I'd just say I want Cate Blanchett to play all the characters. Why stop at just Violet? She should play the alligator. She should play everybody. It'll be this experimental season where Cate Blanchett plays the entire family. I want her to play the Red Seth. I want her to play everybody! And then she's up for like every Oscar. Yeah. (Laughs)

No, I think i'd be so happy to turn it over to another mind to kind of innovate and do what they want to do.

A lot of the stories in Vampires have to do with death, but treat it in a very ambiguous way. Vampires can grow old, for example, and presidents are reincarnated as horses only to be stuck in a strange farmland limbo.

I guess I feel just in general that life might be [purgatory] (Laughs). You know my friend Wells, this wonderful writer Wells Tower, has this wonderful line about "the curse of our foreknowledge of death." And I like the way that he put that so much because certainly it is a blessing too, but at the same time, it makes interesting to live in time - to have this future event which we are sort of born to fail to imagine, which is our own death. That's a conundrum for all of us. If there is a consolation it's that we are in that one together, you know? Just trying to figure out what do with our time here, cursed and blessed with the foreknowledge of our own death.

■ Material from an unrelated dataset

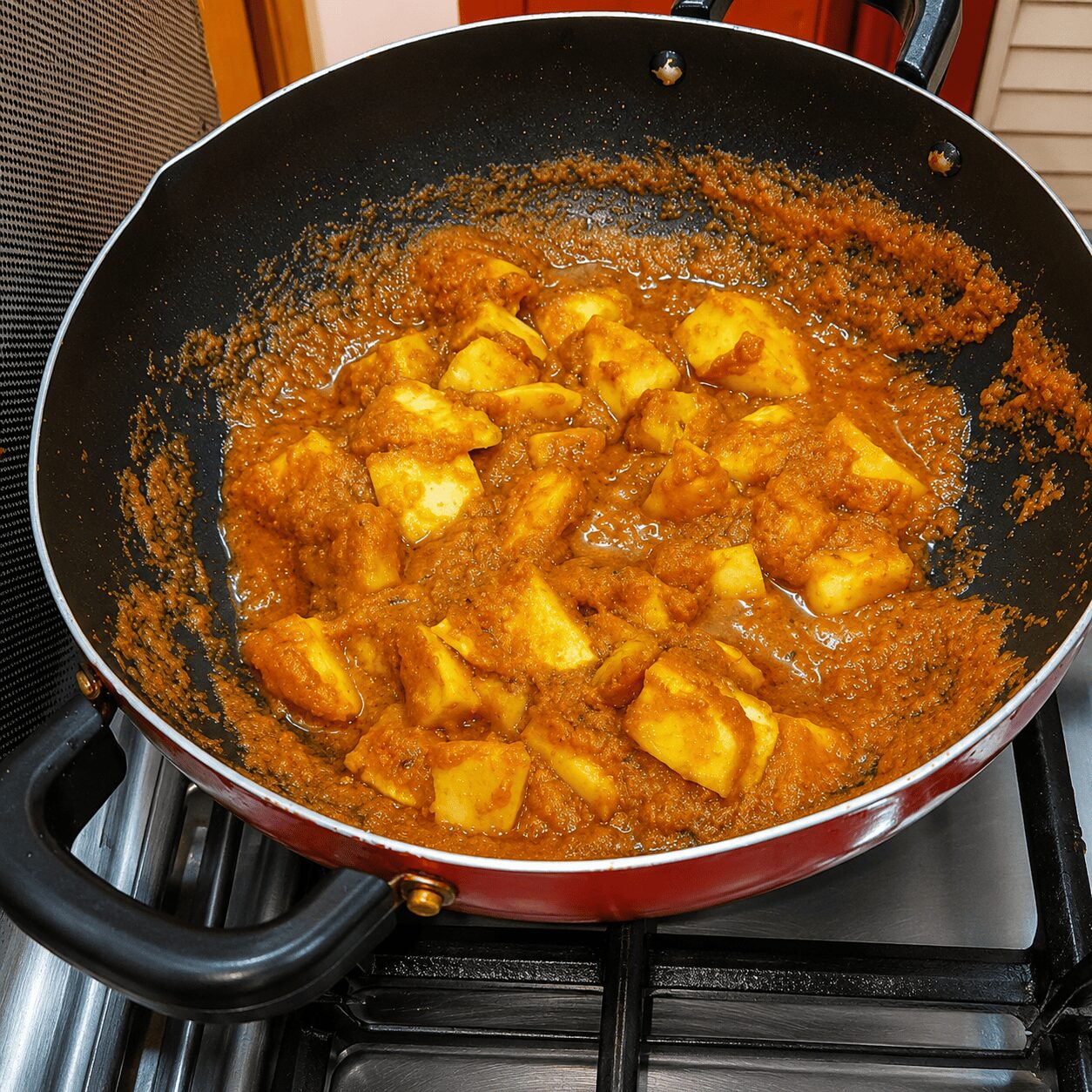 Fried potato cubes simmering in the masala gravy for Anda Aloo Salan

So I think in the way that a Sunday, just an endless Sunday can feel almost like purgatory or that kind of limbo, and that challenge of having this gift of being awake in time and maybe it's not always obvious what the best way to spend your energies of love and time are. That's what I really love about that vampire story. It's like, what if "til death does us part" truly, truly was this fathomless problem?

But I was just re-reading that Borges story "The Secret Miracle" where the author begs God for extra time to finish his play, which he is composing in his mind. He's up in front of a firing squad and then there is this event that prefigures The Matrix in which the bullet just stops. The German lead stops just in front of his forehead and everything is still. He can see the shadow of a bee in the courtyard and he knows he's going to have time to finish composing. And the second he gets the last quatrain correct, he dies. The second the last words click into place in his mind.

It's an amazing story. But I was thinking about that suspension. That's lodged somewhere in me: this idea of [suspension of time]. And I think reading feels like that: this weird suspension of how time normally works. It's sort of like this timeless place opens up inside of time when you are reading a story like that.